SELECT * FROM ALL_COMB

1 ACCEPTED SOLUTION

Accepted Solutions
art297
Opal | Level 21

I'm still a bit confused.  Given your latest example, you would only have 31 combinations.  You have 5 values, therefore:

5!/(1!*(5-1)! + 5!/(2!*(5-2)! + 5!/(3!*(5-3)! + 5!/(42!*(5-4)! +1

There is code provided in a SAS TS Doc that you can use: TS-DOC: TS-498 - Generating Combinations and Permutations

Here is an example for obtaining the combinations based on your example.  The code is also on that page for getting all permutations.

data test;

   infile cards missover;

   input (A B)(:$2.);

   cards;

A1     B1

A2     B2

A3     .

;;;;

   run;

proc transpose data=test

  out=need (keep=col1);

  by a b;

  var a b;

run;

proc sql noprint;

  select col1

    into :vars separated by ","

      from need

  ;

quit;

    %macro combo(r)/parmbuff;

      %let i=2;

      %let things=;

      %do %while (%Qscan(&syspbuff,&i,%STR(,%))) ne );

        %let p&i="%Qscan(&syspbuff,&i,%STR(,%)))";

        %if &i=2 %then %let things=&&p&i;

        %else %let things=&things,&&p&i;

        %let i=%eval(&i+1);

      %end;

      %let n=%eval(&i-2);

       data combo;

            keep v1-v&r;

            array word $8  w1-w&n (&things);

            array rr (*) r1-r&r;

            array v $8  v1-v&r;

           %do i=1 %to &r;                    /* create the DO LOOPs */

             %if &i=1 %then %do;

               do r&i=1 to &n-(&r-&i);

               %end;

             %else %do;

               do r&i=r%eval(&i-1)+1 to &n-(&r-&i);

               %end;

             %end;

               do k=1 to &r;              /* select subscripted items */

               v(k)=word (rr(k));               /* for a SAS data set */

               put v(k)      '  ' @;                       /* for log */

               end;

               put;                                  /* writes to log */

               output;                    /* writes to a SAS data set */

           %do i=1 %to &r;

             end;                     /* create ENDs for the DO LOOPs */

             %end;

            put;

            run;

       %mend combo;

%combo(5,&vars.)

data want;

  set combo;

run;

%combo(4,&vars.)

proc append base=want data=combo;

run;

%combo(3,&vars.)

proc append base=want data=combo;

run;

%combo(2,&vars.)

proc append base=want data=combo;

run;

%combo(1,&vars.)

proc append base=want data=combo;

run;

Note: the link I provided to the combinations and permutations macros apparently is no longer on support.sas.com.
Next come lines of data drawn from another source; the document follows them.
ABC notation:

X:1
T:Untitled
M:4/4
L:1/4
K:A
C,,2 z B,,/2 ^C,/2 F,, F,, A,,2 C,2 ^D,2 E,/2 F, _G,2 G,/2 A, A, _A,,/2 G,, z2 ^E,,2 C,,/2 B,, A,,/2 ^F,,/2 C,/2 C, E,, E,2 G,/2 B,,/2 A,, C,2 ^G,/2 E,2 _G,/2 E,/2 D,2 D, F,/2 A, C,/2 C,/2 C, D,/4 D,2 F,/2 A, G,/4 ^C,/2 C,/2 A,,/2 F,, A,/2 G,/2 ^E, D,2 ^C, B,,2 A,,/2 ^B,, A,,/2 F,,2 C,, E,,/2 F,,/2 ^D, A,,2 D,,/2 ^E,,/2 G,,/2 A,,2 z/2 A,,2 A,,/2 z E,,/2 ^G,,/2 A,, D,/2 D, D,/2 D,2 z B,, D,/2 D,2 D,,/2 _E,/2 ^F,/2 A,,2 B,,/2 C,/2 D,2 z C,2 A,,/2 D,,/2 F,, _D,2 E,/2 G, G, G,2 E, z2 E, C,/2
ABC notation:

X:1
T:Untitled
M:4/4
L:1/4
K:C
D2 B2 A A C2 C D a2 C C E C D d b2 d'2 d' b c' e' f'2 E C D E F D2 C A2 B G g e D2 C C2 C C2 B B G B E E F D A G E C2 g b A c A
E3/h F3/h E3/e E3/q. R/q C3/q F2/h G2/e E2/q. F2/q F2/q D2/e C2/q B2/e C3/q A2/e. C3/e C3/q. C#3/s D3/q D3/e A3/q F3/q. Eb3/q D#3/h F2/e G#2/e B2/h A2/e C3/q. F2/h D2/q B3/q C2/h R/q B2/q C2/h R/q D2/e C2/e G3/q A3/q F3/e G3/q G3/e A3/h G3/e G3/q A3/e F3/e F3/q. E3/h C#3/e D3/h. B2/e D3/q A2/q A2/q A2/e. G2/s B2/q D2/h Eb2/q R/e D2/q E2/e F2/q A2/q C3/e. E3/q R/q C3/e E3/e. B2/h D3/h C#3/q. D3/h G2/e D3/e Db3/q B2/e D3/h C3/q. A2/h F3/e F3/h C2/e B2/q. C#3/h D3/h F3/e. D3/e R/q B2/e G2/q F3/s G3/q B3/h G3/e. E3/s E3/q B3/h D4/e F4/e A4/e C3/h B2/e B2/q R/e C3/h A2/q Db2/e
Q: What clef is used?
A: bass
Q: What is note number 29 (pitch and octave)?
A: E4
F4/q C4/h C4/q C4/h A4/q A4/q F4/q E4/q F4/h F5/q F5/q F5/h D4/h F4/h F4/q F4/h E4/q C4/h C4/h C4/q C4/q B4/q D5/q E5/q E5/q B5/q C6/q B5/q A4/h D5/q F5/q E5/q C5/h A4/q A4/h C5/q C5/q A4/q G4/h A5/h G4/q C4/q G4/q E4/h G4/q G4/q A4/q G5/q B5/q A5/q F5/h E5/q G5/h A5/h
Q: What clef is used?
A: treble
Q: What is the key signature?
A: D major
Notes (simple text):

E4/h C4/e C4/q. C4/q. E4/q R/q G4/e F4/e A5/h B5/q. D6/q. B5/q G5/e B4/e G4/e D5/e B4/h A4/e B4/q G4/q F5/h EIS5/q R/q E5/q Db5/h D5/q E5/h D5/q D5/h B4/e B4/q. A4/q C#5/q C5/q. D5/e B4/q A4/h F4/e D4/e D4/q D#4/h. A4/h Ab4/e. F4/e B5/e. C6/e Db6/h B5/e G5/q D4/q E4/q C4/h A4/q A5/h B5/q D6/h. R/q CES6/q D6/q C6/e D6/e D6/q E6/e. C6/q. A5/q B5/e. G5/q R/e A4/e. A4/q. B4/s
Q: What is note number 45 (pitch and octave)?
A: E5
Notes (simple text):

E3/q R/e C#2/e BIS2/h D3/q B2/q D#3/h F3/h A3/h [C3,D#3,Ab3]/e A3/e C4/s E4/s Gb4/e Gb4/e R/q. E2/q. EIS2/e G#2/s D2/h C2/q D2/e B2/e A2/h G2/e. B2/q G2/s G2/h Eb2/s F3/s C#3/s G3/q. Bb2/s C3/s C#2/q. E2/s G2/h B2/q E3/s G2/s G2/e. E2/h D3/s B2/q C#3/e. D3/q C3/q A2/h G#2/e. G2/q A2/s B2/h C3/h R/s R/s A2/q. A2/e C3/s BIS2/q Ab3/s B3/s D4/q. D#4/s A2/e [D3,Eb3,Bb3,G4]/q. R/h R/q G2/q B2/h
However, you can still find them at: http://www.urz.uni-heidelberg.de/statistik/sas/doc/ts498-combperm.txt

View solution in original post

21 REPLIES 21
hdodson_pacificmetrics_com
Calcite | Level 5

akberali67,

     You can thank data _null_; by marking their post as the answer. That's always appreciated!

Regards,

Huey

akberali67
Calcite | Level 5

:smileyconfused: @Huey - You need a browser update.

akberali67
Calcite | Level 5

Actually, I figured what the code is doing and it is wrong. It simply retains the blank cells with the observations above which are non-blank but more importantly only makes combinations of same rows but does not combine multiple cells.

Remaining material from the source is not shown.